= Gibson Falcon =

Guitar amplifier

The Falcon (GA-19RVT) was a guitar amplifier made by Gibson Guitar Corporation in 1961. With the Falcon and a few other models, Gibson was ahead of Fender in bringing an amplifier with reverb on the market. In addition, the Falcon also had tremolo.

The Falcon got 14 watts out of two 6V6 tubes (the same tubes used in the comparable Fender Deluxe), and had a Jensen 12" speaker. The pre-amp was powered by three 6EU7 tubes, and a 7199 for the reverb circuit. It also has a 5V3GT rectifier tube in the V7 socket. Unlike Fender's later reverb amps (such as the Princeton Reverb), the Falcon had a fairly unusual placement of the reverb circuit: rather than being placed after the pre-amp section and having the wet signal mixed with the dry, the Falcon's reverb circuit taps the signal before the volume and tone control, and mixes it with the dry signal via independent volume controls. In addition, the Falcon had a separate monitor output at line level, to connect the amp to a separate "Regular Amplifier" (the Falcon being referred to in the brochures as "Reverb Amplifier") and create a stereo effect.

The Falcon's sound is described as "full, rich" and "sweet-sounding", with a "raw, gnarly, compressed tone" at higher volumes. It is relatively rare: according to Gibson's records 204 were sold in 1961; the next year, the Crestline design was introduced, involving a redesign of the control panel as well as the circuit.

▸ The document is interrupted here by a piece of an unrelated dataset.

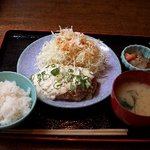 創作鉄板料理とワインを楽しむ店 ～渋谷 居酒屋 花花～ - ビッグハンバーグ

There were three variants of the Crestline version of the Falcon, all with similar specs that lasted until 1965-1966. The next version of the Falcon, and the last tube version was released in 1967-1968. This last version was similar in specs to the previous versions but had different cosmetics, with a taller cabinet sporting a larger front mounted control panel with two rows of knobs. This version used 4x 12ax7, and 2x 6bq5 tubes, with a solid state rectifier. Few of this version were made. There was also a solid state version of the Falcon released in the early 1970s.